Posted: Wednesday, April 25, 2001 at 08:19 AM CT


Weaver expresses 'deep regret' over last year's decision to half-staff flag for genocide

CITY HALL -- Mayor Gus Gomez approved a proclamation Tuesday ordering the American flag lowered to half-staff in honor of the Armenian Genocide, a gesture some council and community members said might serve more to create division than to heal it.

Artin Manoukian, chairman of the Armenian National Committee Glendale chapter, applauded the move to half-staff the flag April 24, calling it evidence that "our community will not bow down to bigotry and hate."

Many of the residents came to speak on the issue disagreed, arguing the flag should not be lowered to half-staff for an event that did not take place
in America.

Richard Helphand, a Glendale resident who said he had Jewish heritage, compared the Armenian Genocide to the Holocaust and said it would not be appropriate to lower the flag for either event.

"It should not happen," he said. "It was not an American event. It is improper to make [Armenians] special any more than it would be proper to make
the Jewish people special."

Councilman Rafi Manoukian, in an emotional response to critics of the move, differed sharply with those who said the genocide was not relevant to America.

"I'm here.
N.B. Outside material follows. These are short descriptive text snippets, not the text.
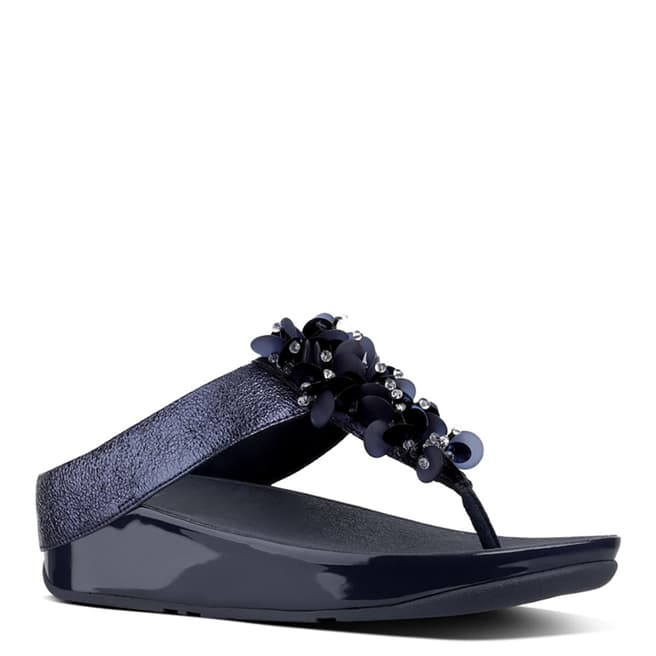 FitFlop Women's Navy Leather Boogaloo Toe Post Sandals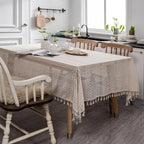 Vintage Lace Hollow Crochet Tablecloth — product in use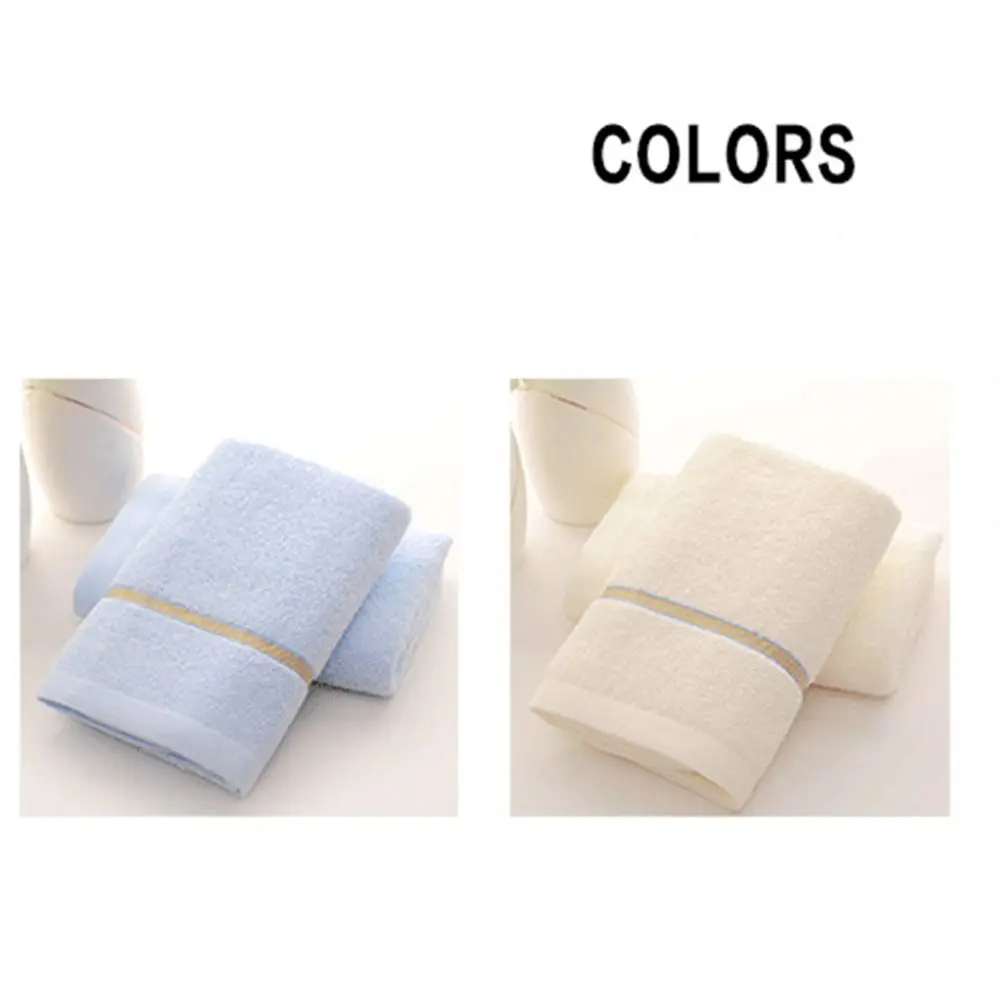 2Pcs Bathroom Blanket Supplies 33x73cm Cotton Stripe Bath Towel Thickened Cartoon Face Towel Comfortable Simple Hand Towel Kid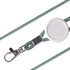A green and white patterned lanyard featuring a retractable badge holder with a metal clip for attachments.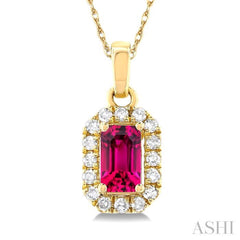 5x3 MM Octagonal Shape Pink Tourmaline and 1/20 ctw Single Cut Diamond Halo Semi Precious Pendant with Chain in 10K Yellow Gold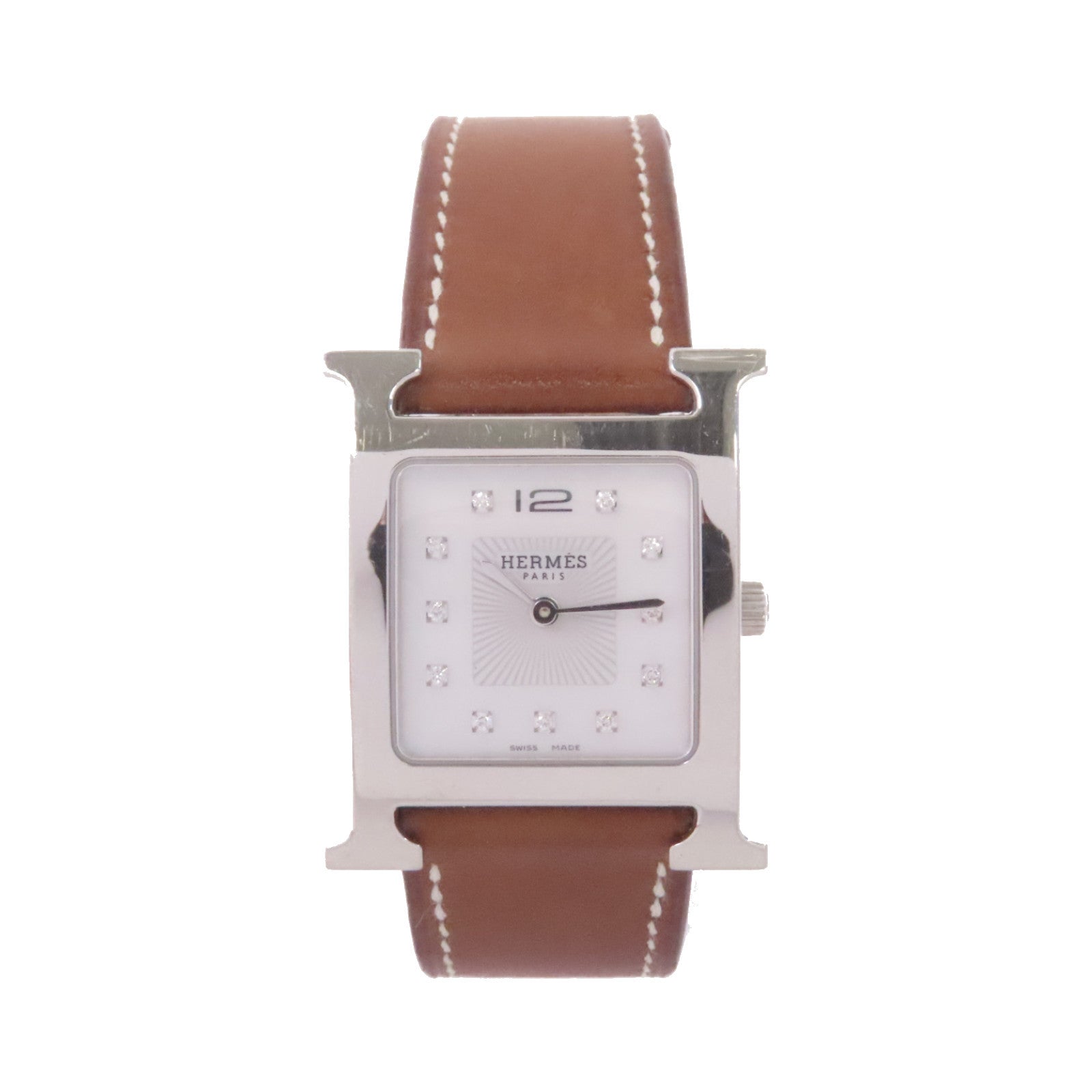 HERMES Heure H Watch不鏽鋼/珍珠母/鑽石/牛皮皮革石英機芯手錶白色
I'm real," he said. "The reason I'm here is because of the Armenian Genocide."

"The genocide is not over," he continued. "Denial of the genocide is continuation of the genocide. Our U.S. government perpetuates the myth that it didn't happen."

Other council members expressed more ambivalence about lowering the flag.

"It is not doing what we really want it to do," Bob Yousefian said. "We want people to be with us, not against us." He called for the creation of a committee that would explore an alternative method of recognizing "man's inhumanity to man" in the future.

Dave Weaver, who supported lowering the flag as mayor, said Tuesday he had changed his mind about the practice, comparing it to a campfire that starts an out-of-control blaze.

"I never expected such an outcry from the public," he said. "My actions initiated a divisiveness in Glendale that I could never have imagined or wished upon this city. I express my deep regret if I've offended in any way."

Gomez was brief in his remarks, commenting primarily on the lack of civility that has characterized the debate over the flag.

"I'm very disappointed in the tone of some of the messages, the venom that was apparent," he said.